Die Ukraine muss militärische Fortschritte vorweisen, wenn sie auch weiterhin in gleichem Maße vom Westen in militärischer, finanzieller und moralischer Weise unterstützt werden will. Die Regierung in Kiew hofft insbesondere auf Kampfjets vom US-Typ F-16. Verteidigungsminister Olexij Resnikow sagte, die ukrainische Regierung wolle Einzelheiten der sogenannten Flugzeugkoalition mit ihren Verbündeten beim nächsten Treffen der Verteidigungskontaktgruppe am 15. Juni in Brüssel besprechen. “Zu diesem Zeitpunkt sprechen wir über die Ausbildung von Piloten … und unseren Technikern und Ingenieuren”, erklärte er nach Militärangaben. Präsident Wolodymyr Selenskyj dringt seit langem auf die Lieferung von F-16-Kampfflugzeugen und argumentiert, dies wäre ein sicheres Signal der Welt, dass die russische Invasion mit einer Niederlage enden würde.

Es ist zu früh, um aus den ersten Gefechten Rückschlüsse auf einen Erfolg oder Misserfolg der ukrainischen Gegenoffensive zu ziehen.

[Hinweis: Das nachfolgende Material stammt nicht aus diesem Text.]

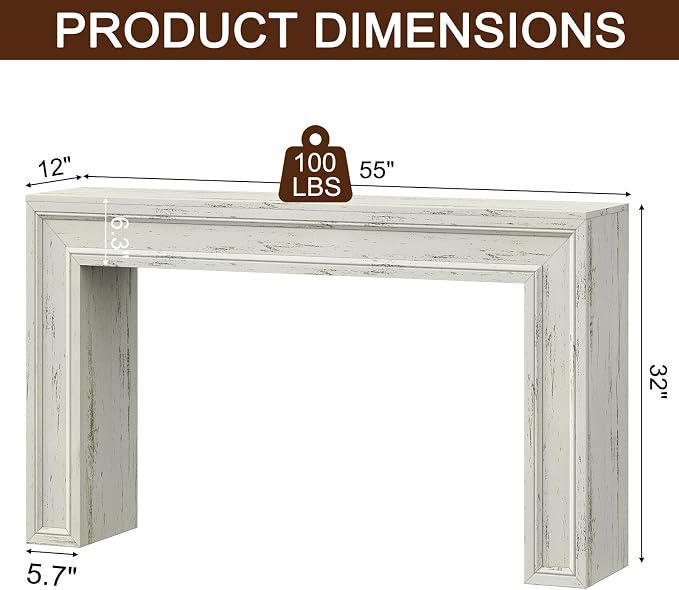 Rresyet 55 Inch Long Console Table, Sofa Table Behind Couch, Entryway Table - Image 2
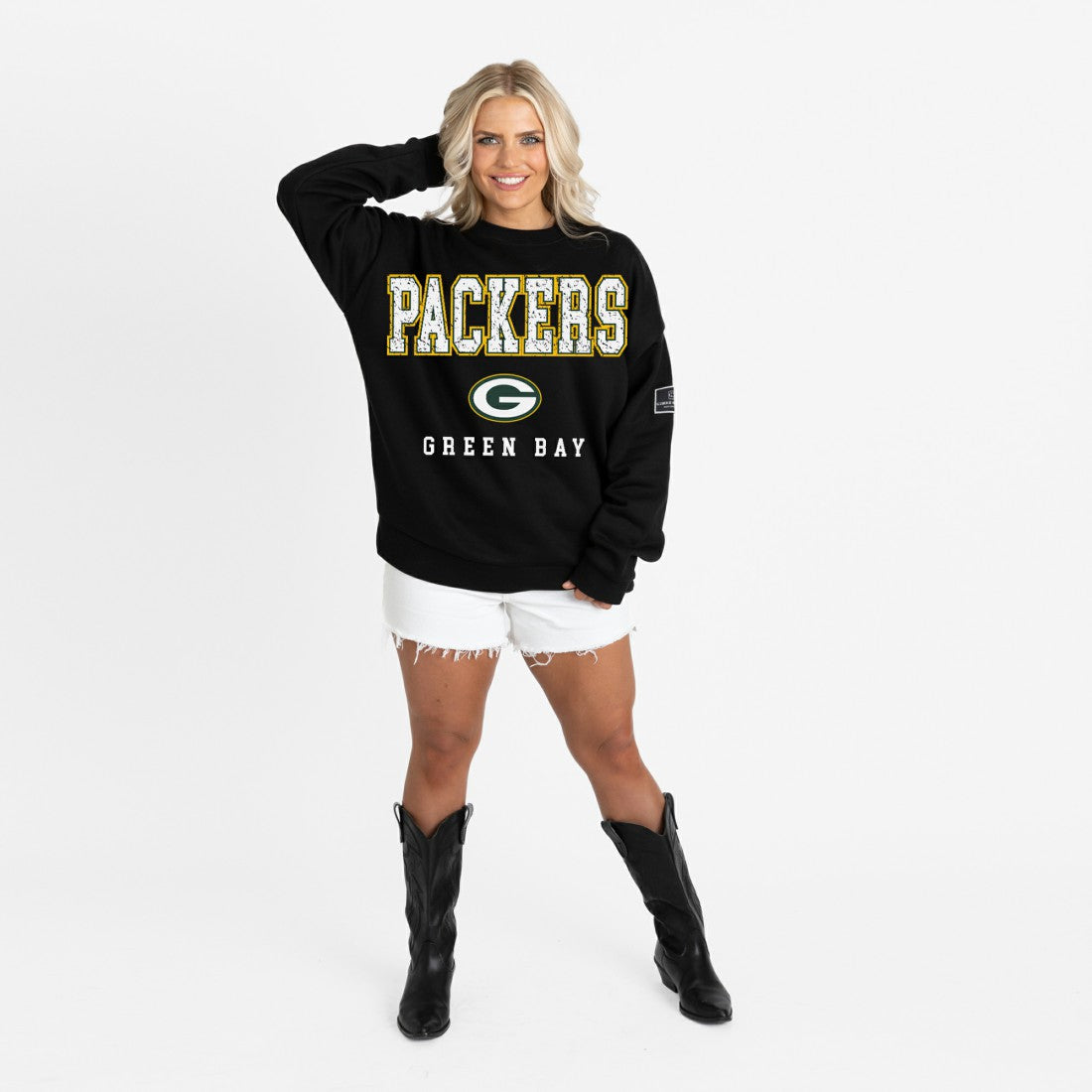Green Bay Packers Gameday Couture Women's Oversized Level Up Black Label Premium Fleece Sweatshirt - Black online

Möglicherweise geht es dabei auch eher darum, die russische Verteidigung zunächst auf die Probe zu stellen, als um einen größeren Vormarsch.

Das in den USA ansässige Institute for the Study of War erklärte, die Ukraine versuche “eine außerordentlich schwierige taktische Operation – einen Frontalangriff auf vorbereitete Verteidigungspositionen, der durch mangelnde Luftüberlegenheit noch erschwert wird”. Diese ersten Angriffe sollten nicht überbewertet werden.

Ben Hodges, ein ehemaliger Kommandant der US-Streitkräfte in Europa, schätzt, dass ein Hauptangriff wohl mehrere Hundert Panzer und Infanterie-Kampffahrzeuge umfassen würde. “Die Offensive hat eindeutig begonnen, aber meiner Meinung nach ist es nicht der Hauptangriff”, schrieb er in einem Artikel für das in Washington ansässige Center for European Policy Analysis. “Wenn wir sehen, dass sich große Panzerformationen dem Angriff anschließen, dann werden wir meiner Meinung nach wissen, dass der Hauptangriff wirklich begonnen hat.”